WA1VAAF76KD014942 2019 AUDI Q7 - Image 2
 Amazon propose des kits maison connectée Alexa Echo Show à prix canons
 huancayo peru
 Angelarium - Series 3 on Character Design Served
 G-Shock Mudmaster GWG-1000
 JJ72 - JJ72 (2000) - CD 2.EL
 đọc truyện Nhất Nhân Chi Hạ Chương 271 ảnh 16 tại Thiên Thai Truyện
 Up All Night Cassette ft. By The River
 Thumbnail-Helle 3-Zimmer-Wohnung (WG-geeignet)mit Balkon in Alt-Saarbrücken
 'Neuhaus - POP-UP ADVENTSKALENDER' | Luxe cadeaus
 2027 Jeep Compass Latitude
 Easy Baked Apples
════
Print exactly the lines above, starting at the line that contains "Amazon propose des" and ending with the last line of the records, both included.

§ Answer space
 Amazon propose des kits maison connectée Alexa Echo Show à prix canons
 huancayo peru
 Angelarium - Series 3 on Character Design Served
 G-Shock Mudmaster GWG-1000
 JJ72 - JJ72 (2000) - CD 2.EL
 đọc truyện Nhất Nhân Chi Hạ Chương 271 ảnh 16 tại Thiên Thai Truyện
 Up All Night Cassette ft. By The River
 Thumbnail-Helle 3-Zimmer-Wohnung (WG-geeignet)mit Balkon in Alt-Saarbrücken
 'Neuhaus - POP-UP ADVENTSKALENDER' | Luxe cadeaus
 2027 Jeep Compass Latitude
 Easy Baked Apples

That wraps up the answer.